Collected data
#####

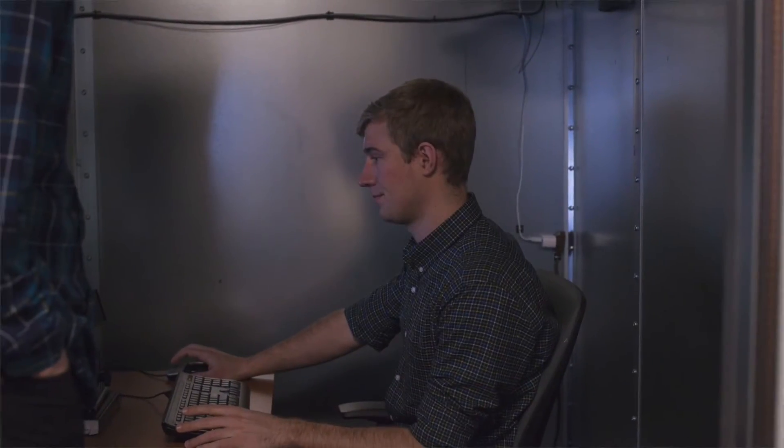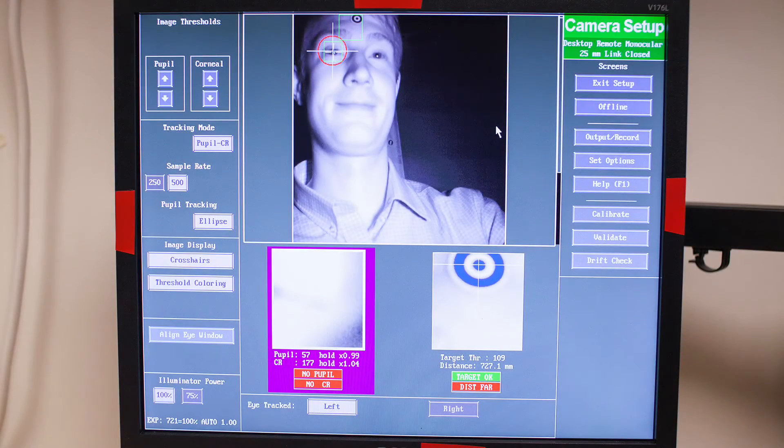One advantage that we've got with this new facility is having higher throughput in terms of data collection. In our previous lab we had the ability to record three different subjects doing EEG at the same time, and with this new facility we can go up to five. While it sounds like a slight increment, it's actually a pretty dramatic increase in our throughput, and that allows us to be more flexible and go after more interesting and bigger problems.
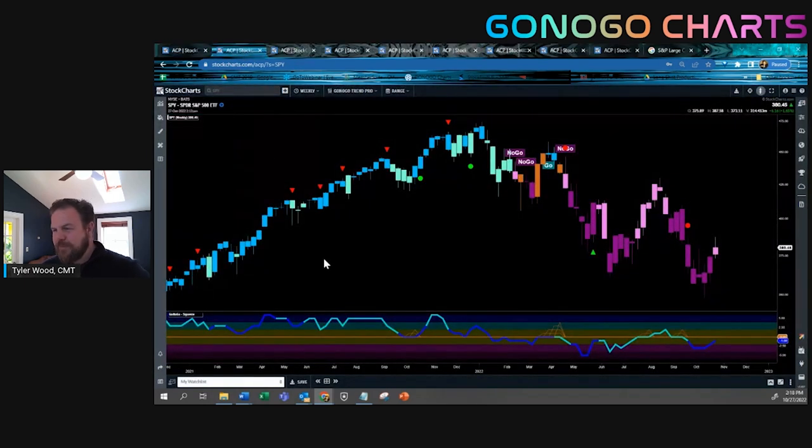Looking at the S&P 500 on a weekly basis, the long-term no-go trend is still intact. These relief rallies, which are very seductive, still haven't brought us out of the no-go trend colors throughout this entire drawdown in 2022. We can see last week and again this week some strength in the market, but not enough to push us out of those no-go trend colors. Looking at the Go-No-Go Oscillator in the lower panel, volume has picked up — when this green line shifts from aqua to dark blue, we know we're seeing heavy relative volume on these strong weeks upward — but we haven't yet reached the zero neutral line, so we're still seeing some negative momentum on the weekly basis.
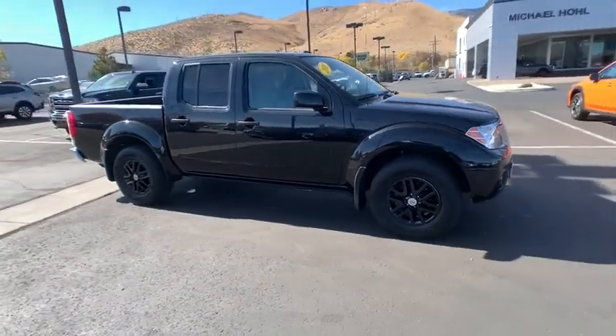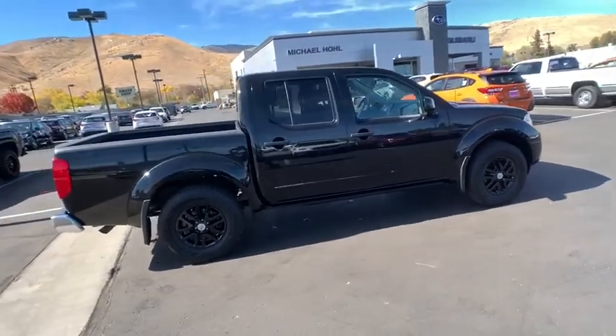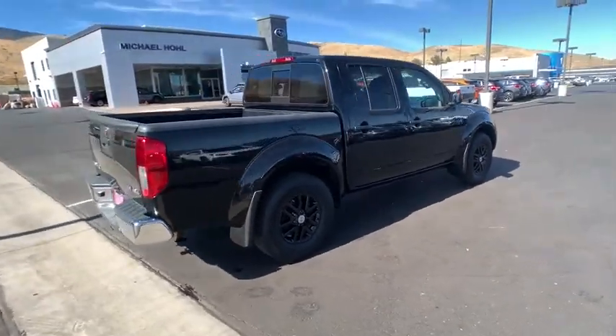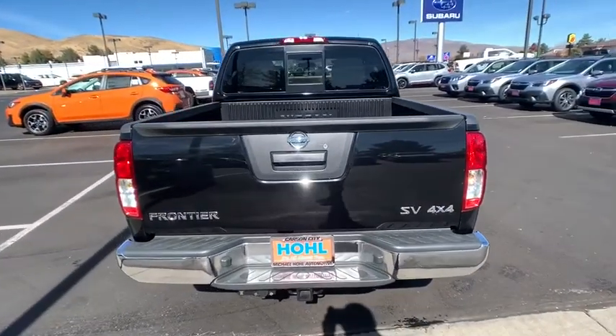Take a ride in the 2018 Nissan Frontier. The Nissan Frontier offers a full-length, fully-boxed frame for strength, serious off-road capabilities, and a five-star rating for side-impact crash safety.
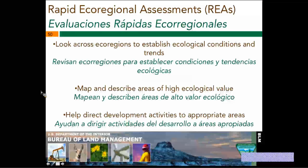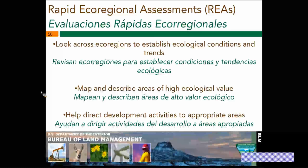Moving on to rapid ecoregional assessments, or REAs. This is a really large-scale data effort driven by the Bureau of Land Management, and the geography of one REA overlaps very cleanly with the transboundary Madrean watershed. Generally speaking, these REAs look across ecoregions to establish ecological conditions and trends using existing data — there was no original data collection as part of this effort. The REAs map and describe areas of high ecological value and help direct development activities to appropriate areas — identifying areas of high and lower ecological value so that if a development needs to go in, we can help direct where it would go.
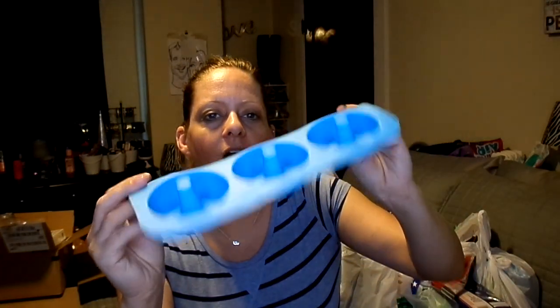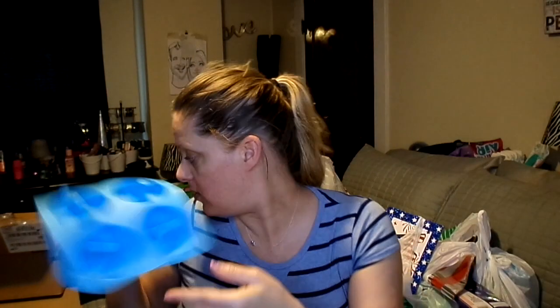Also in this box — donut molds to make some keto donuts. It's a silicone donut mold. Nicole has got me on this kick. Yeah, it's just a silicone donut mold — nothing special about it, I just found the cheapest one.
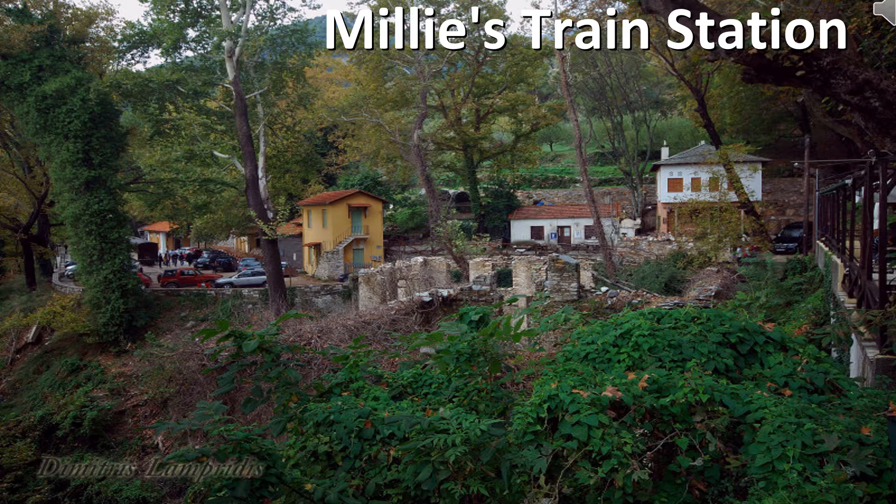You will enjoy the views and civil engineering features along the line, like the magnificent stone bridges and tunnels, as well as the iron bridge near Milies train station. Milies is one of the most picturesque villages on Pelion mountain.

#####

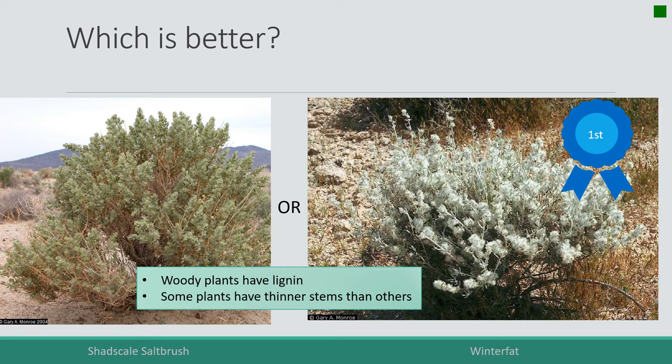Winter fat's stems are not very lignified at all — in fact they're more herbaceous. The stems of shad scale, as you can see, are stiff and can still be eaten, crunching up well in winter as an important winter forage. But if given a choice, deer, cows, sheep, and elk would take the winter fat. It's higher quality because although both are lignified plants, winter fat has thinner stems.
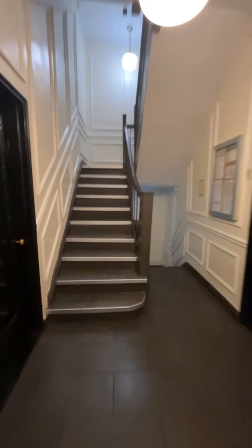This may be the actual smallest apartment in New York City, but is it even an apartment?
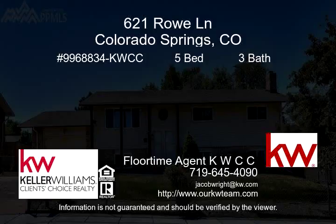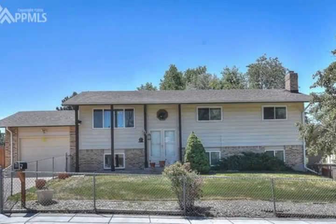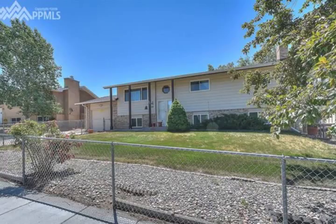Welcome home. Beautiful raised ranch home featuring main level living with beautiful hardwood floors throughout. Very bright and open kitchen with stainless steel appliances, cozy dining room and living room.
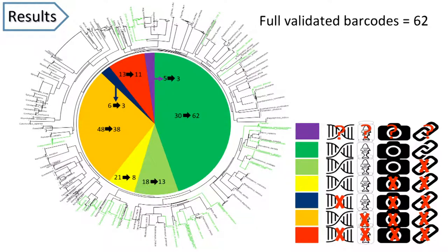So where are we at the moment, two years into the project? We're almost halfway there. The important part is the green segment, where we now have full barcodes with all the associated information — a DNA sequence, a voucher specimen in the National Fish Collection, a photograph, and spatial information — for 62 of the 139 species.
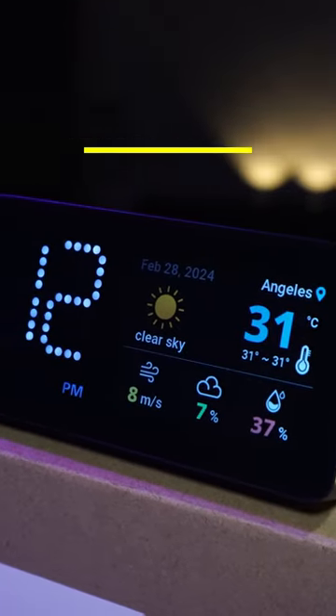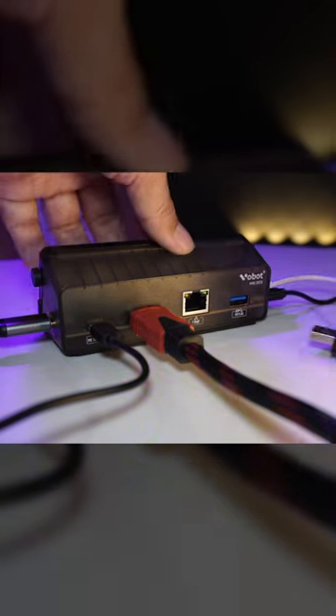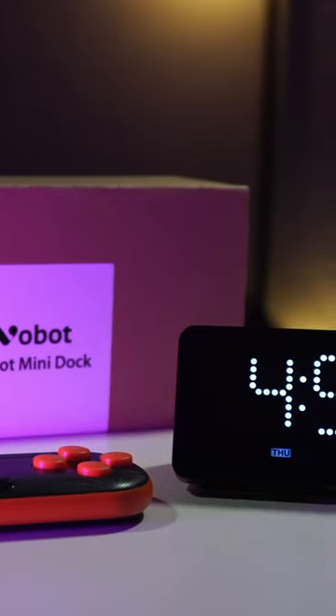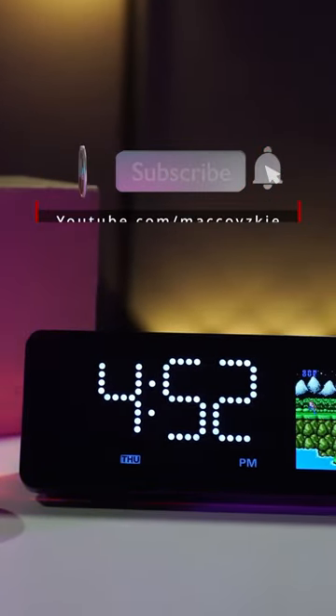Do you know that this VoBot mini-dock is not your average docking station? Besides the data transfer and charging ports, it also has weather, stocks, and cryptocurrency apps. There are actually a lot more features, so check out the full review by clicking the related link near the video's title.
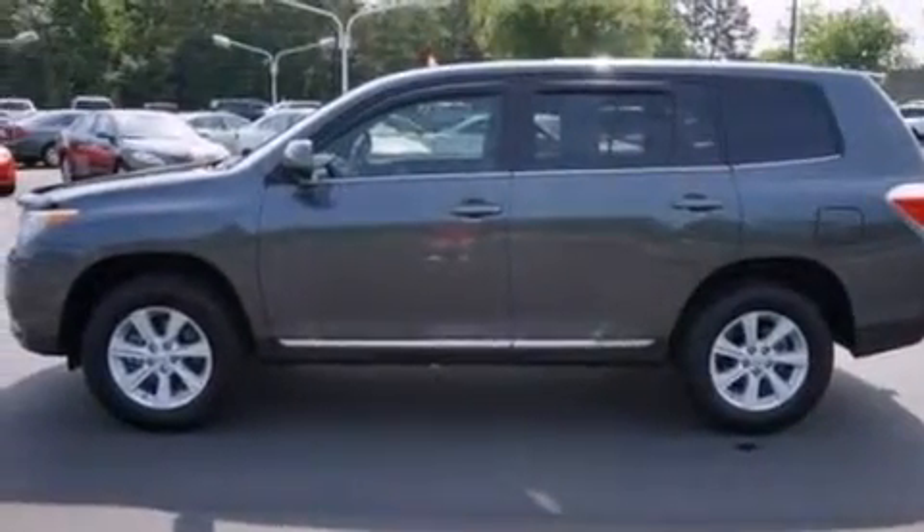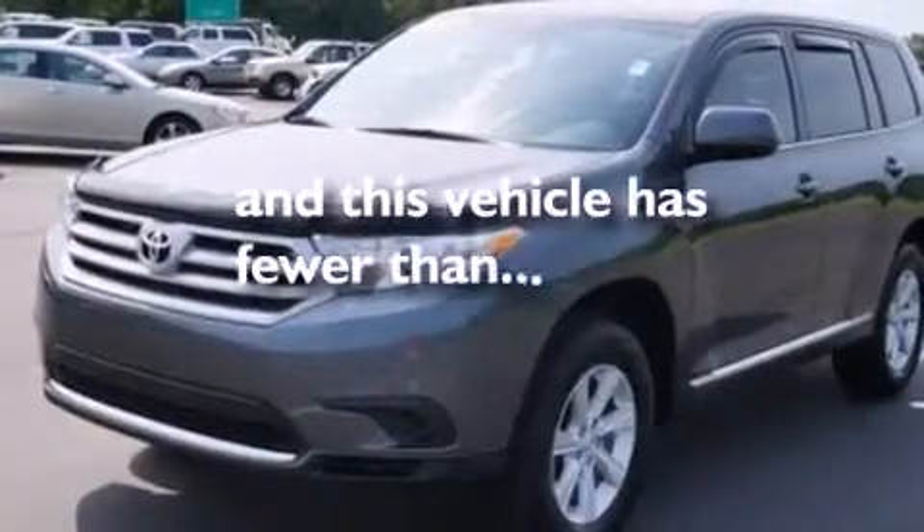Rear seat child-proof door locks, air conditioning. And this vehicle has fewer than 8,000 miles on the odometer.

#####

• PROBLEM:
For the entries above, print exactly the lines between the one with "This may be" and the one with "Rear seat child-proof", inclusive, with no pictures.

• ANSWER FOR THIS EXERCISE:
This may be the actual smallest apartment in New York City, but is it even an apartment?
Welcome home. Beautiful raised ranch home featuring main level living with beautiful hardwood floors throughout. Very bright and open kitchen with stainless steel appliances, cozy dining room and living room.
So where are we at the moment, two years into the project? We're almost halfway there. The important part is the green segment, where we now have full barcodes with all the associated information — a DNA sequence, a voucher specimen in the National Fish Collection, a photograph, and spatial information — for 62 of the 139 species.
Do you know that this VoBot mini-dock is not your average docking station? Besides the data transfer and charging ports, it also has weather, stocks, and cryptocurrency apps. There are actually a lot more features, so check out the full review by clicking the related link near the video's title.
Rear seat child-proof door locks, air conditioning. And this vehicle has fewer than 8,000 miles on the odometer.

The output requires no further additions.